C'est drôle tout de même (et je trouve cela scandaleux) : Dès qu'un auteur, un écrivain, se met à produire des textes ou des oeuvres de réflexion, et à partir du moment où cet auteur ou cet écrivain n'entre pas dans le jeu habituel (c'est à dire dans la dialectique ayant cours)... On dit qu'il est "confus" ou "illisible"...

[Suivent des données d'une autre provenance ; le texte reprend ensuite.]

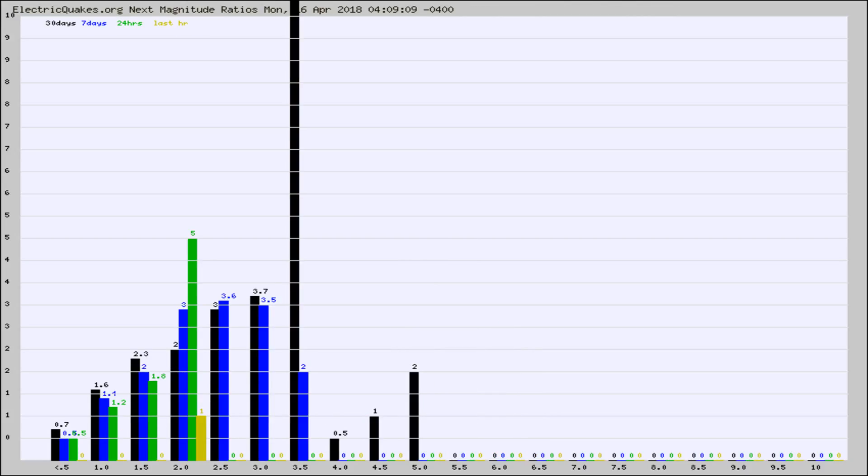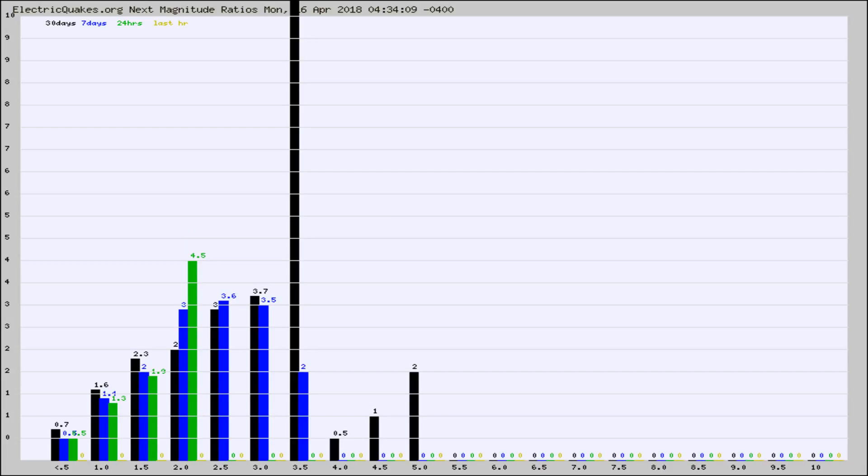And now you're seeing the same thing for just the subset area in California. Again, the black column is 30 days, blue is 7, green is 24 hours, and gold is in the last hour.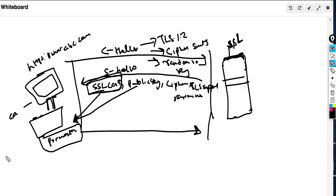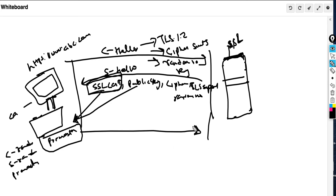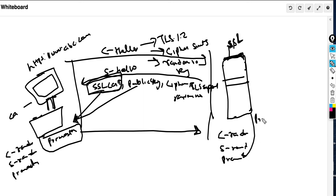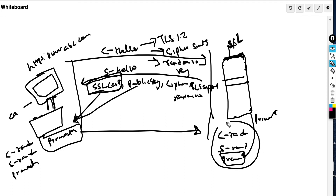Now both client and server have the client random, server random, and pre-master key. The server decrypts the pre-master key using its private key to obtain it. With all three values in hand, both client and server run the algorithm selected from the cipher suite to generate a session key.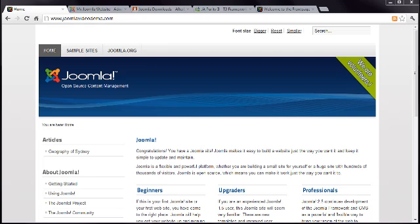This is lesson 18 of 20 lessons on how to build a Joomla website. If you surfed into this lesson, you might prefer to get a full picture of how Joomla works by watching this entire course. I recommend that you watch from at least lesson 13 and you'll find a link to this or the course playlist somewhere on this page.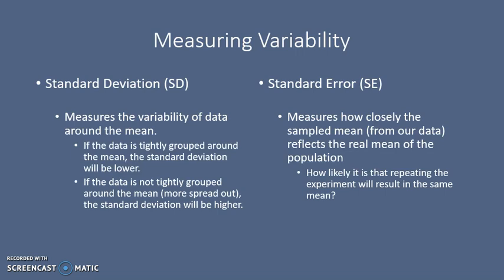It's very important that in addition to the mean, we provide a way to measure the variability of our data. And we tend to do this with two different measurements, standard deviation and standard error.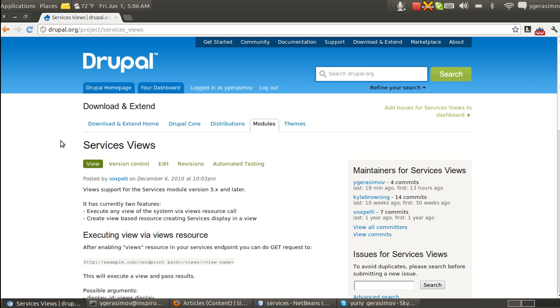Hello, this is Yuri. Today I would like to speak about Module Services Views and its new feature that might be very interesting for you.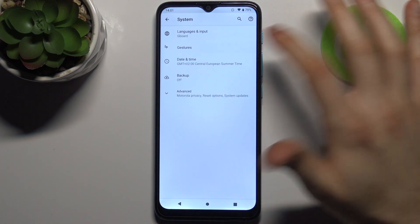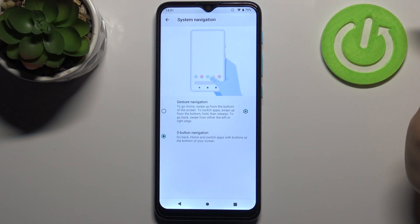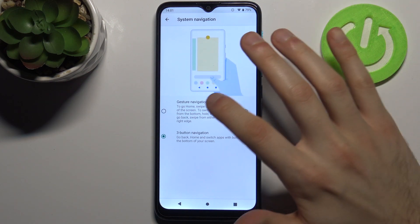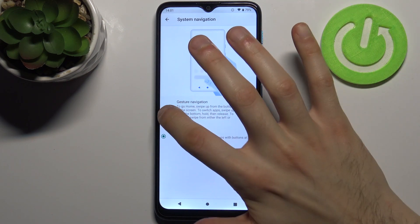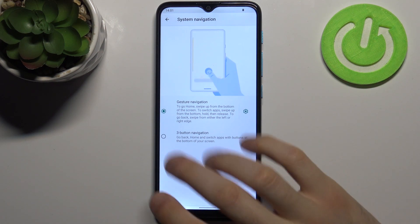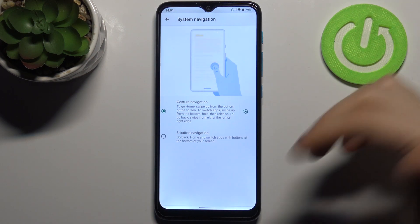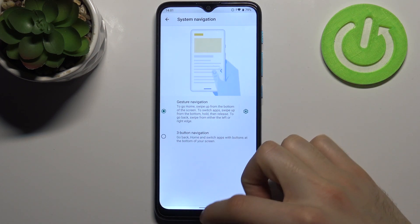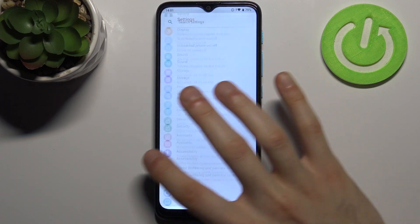Then go to Gestures, then System Navigation, and here you can select Gesture Navigation. Now you don't have any of these three buttons — you just navigate with gestures.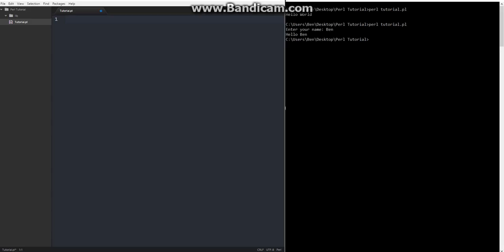So how you declare an array is you declare, much like a scalar, say my, except instead of doing a dollar sign now, you'll say at. So then let's call this my array. For my array, then we'll set that equal to just 1, 2, 3, 4, 5.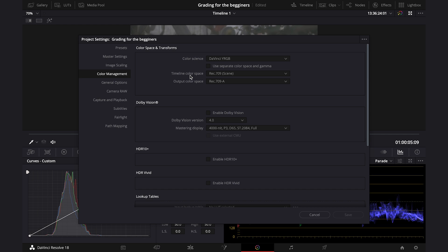Then we've got a timeline color space that is set to Rec.709 scene as a default. I'm also not changing anything here. It's a standard gamut. It's not the widest. The widest color gamut is DaVinci Wide Gamut Intermediate. And it's useful to utilize it, as it allows to edit with color space-aware tools like the HDR color wheels. But again, this is a topic for a bit more advanced users, so don't worry about it now.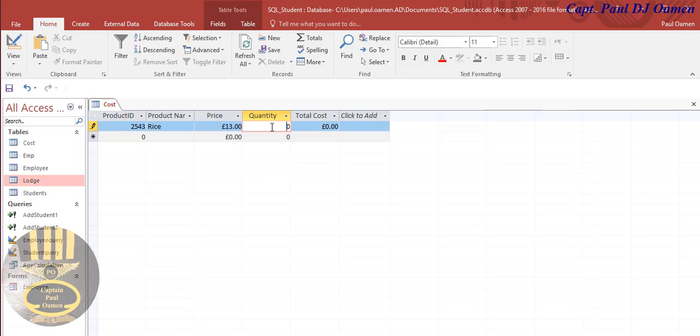And how many do we want here? Let's say we want about maybe four, and right here that is the cost of that.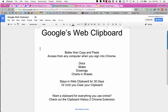Google has something called the Google Web Clipboard. What the Google Web Clipboard does is save what's in the clipboard in the cloud. So you can open up any computer, open up a document, and whatever is saved in your Web Clipboard, you'll be able to add to your document. Let's see how to do that.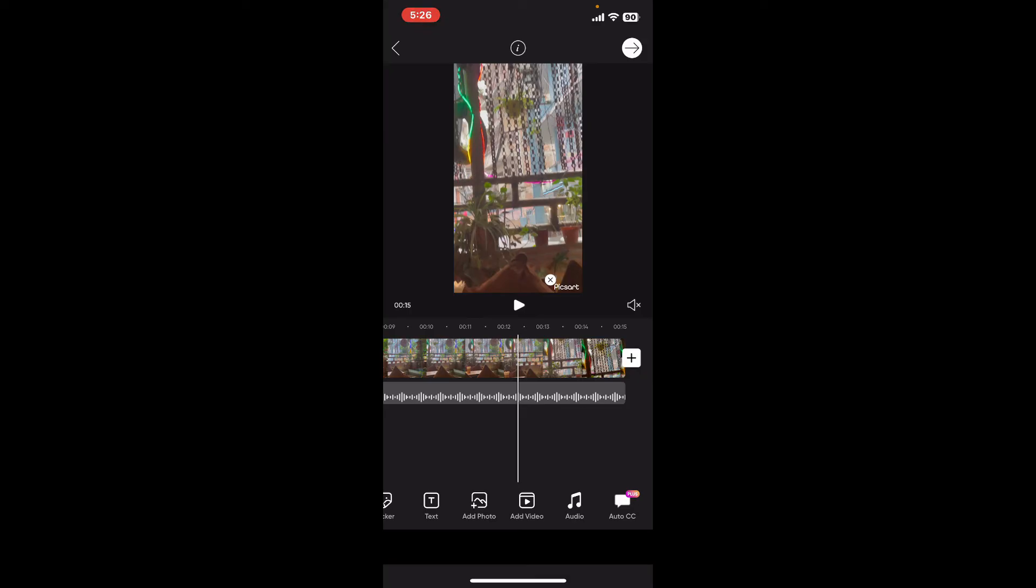That is how you can easily add music onto your video clip using PixArt application. I hope the tutorial was helpful to you.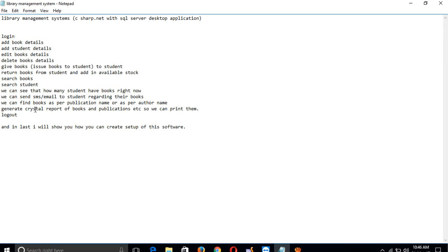These reports use Crystal Reports for printing. There's also logout functionality. Finally, I will show you how to create a setup installer for this software.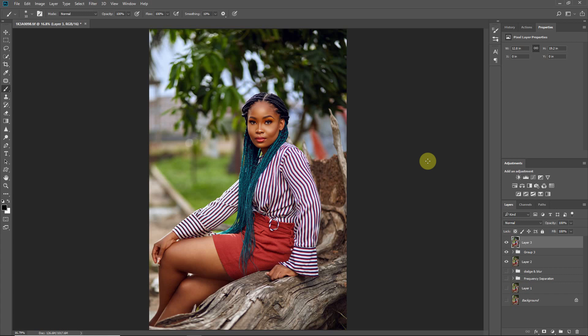Welcome to this short tutorial. Today's tutorial is a quick one to show you how I run my exports. I often get people asking how I get my photos when I upload. I want to go through my export settings and how I prepare my files for export.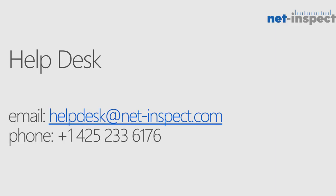If you have any questions or you need any assistance, you can always reach out to our help desk at helpdesk at netinspect.com or by calling 425-233-6176. Thanks very much for your time.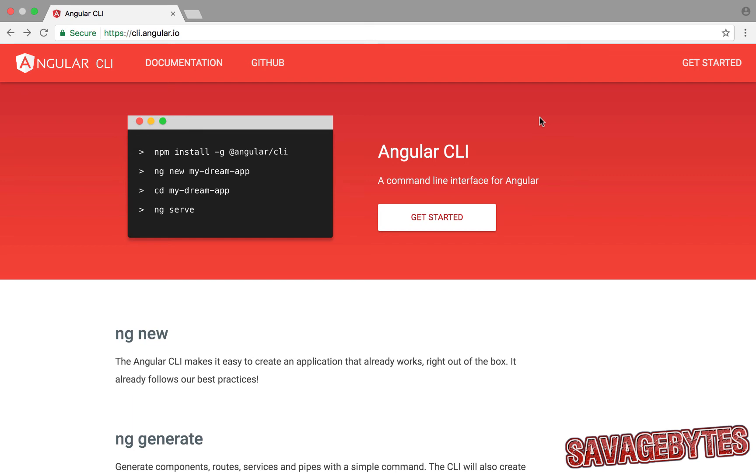Hey everyone, now that the Angular CLI is no longer in beta, I thought I'd do a video covering some of the basics and how it can benefit your Angular projects.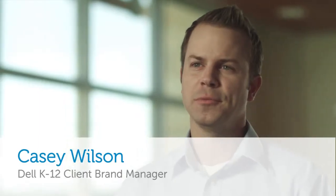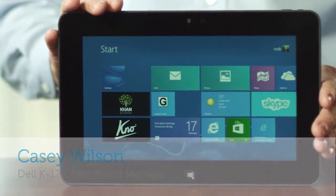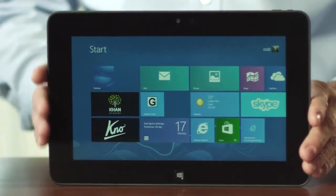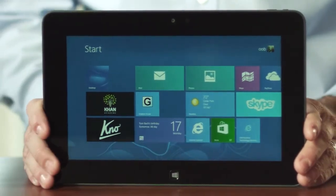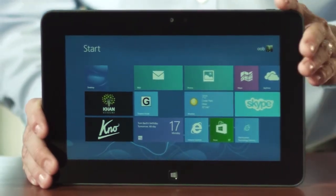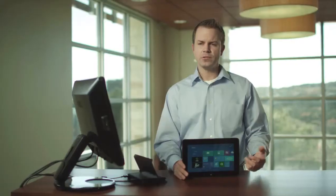First and foremost, let's talk about Windows 8 Pro. A feature of Windows 8 Pro is Domain Join. With Domain Join, when you sign on, you can get access to your school's intranet.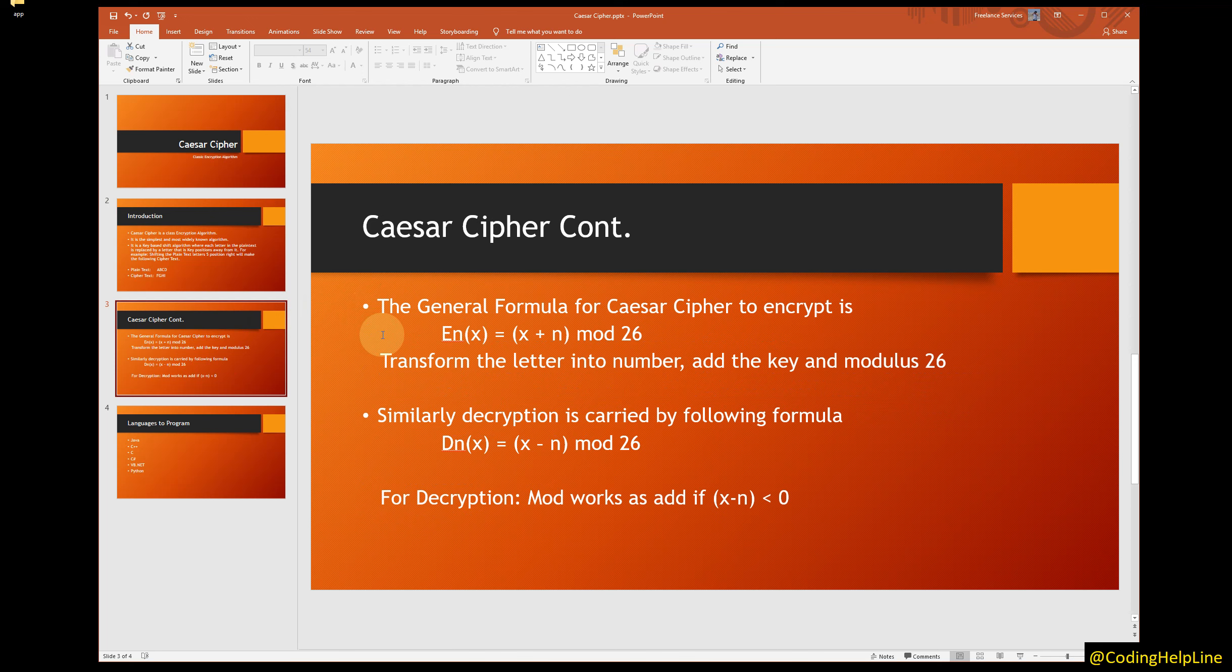Similarly, decryption is carried by following formula: D(X) = X - N mod 26. For decryption, mod works as either added or subtracted based on the result of X minus N.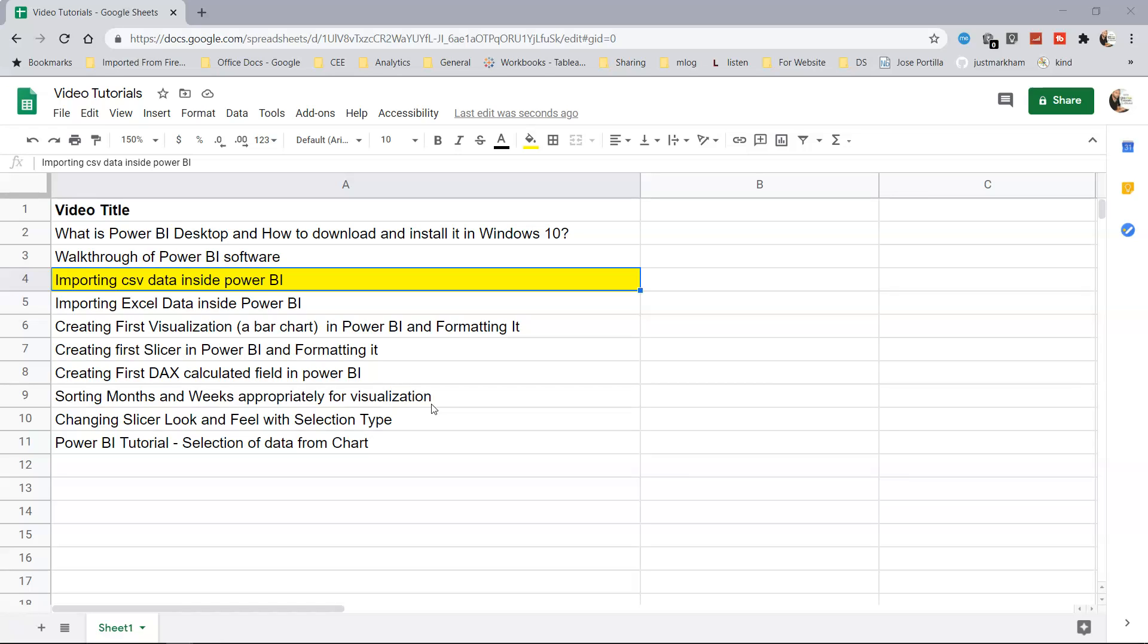Hello there and welcome to the next tutorial of Power BI. In this tutorial, as you can see, we will discuss importing CSV data inside Power BI.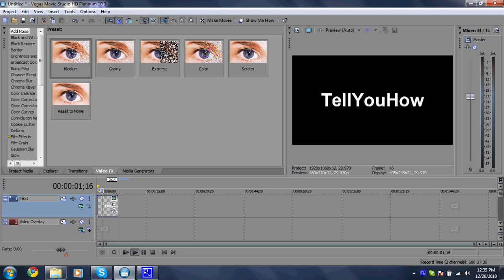Alright, so if you want your text to move, which is what this video is about, you want to first create that and then you want to click this little event pan crop button.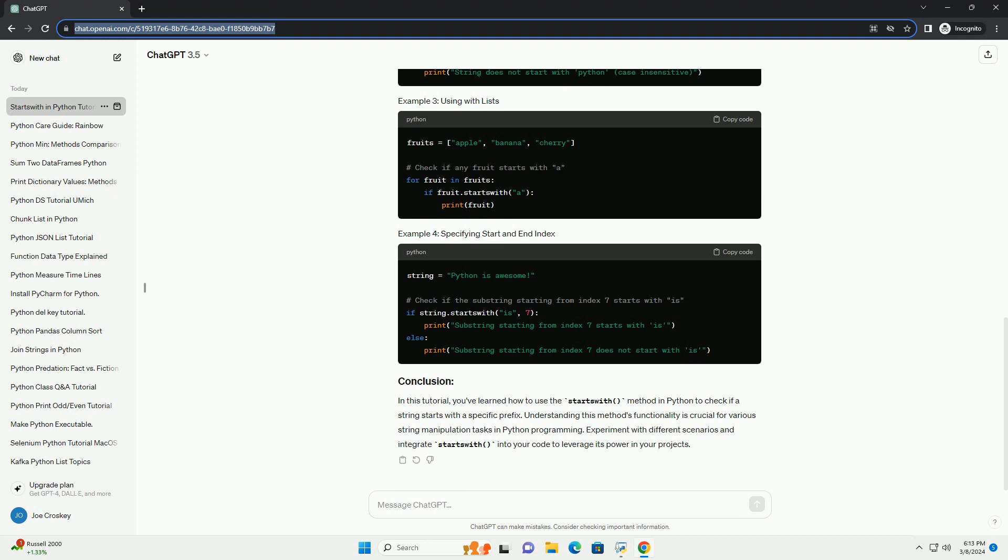Understanding this method's functionality is crucial for various string manipulation tasks in Python programming. Experiment with different scenarios and integrate StartsWith into your code to leverage its power in your projects. Chat GPT.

Eh bien je vais vous dire une bonne chose, et avec un grand coup de poing sur la table :

"Tous ces critiques, tous ces journalistes, tous ces gens des milieux littéraires, tous ces types et typesses de coteries vestimento-littérato-carnavalesques... JE LES EMMERDE !" (traduction vraie : "ils ne m'impressionnent pas et je lis leurs pavés comme on avale un potage sous cloche et sur plateau assis dans un lit à l'hôpital")...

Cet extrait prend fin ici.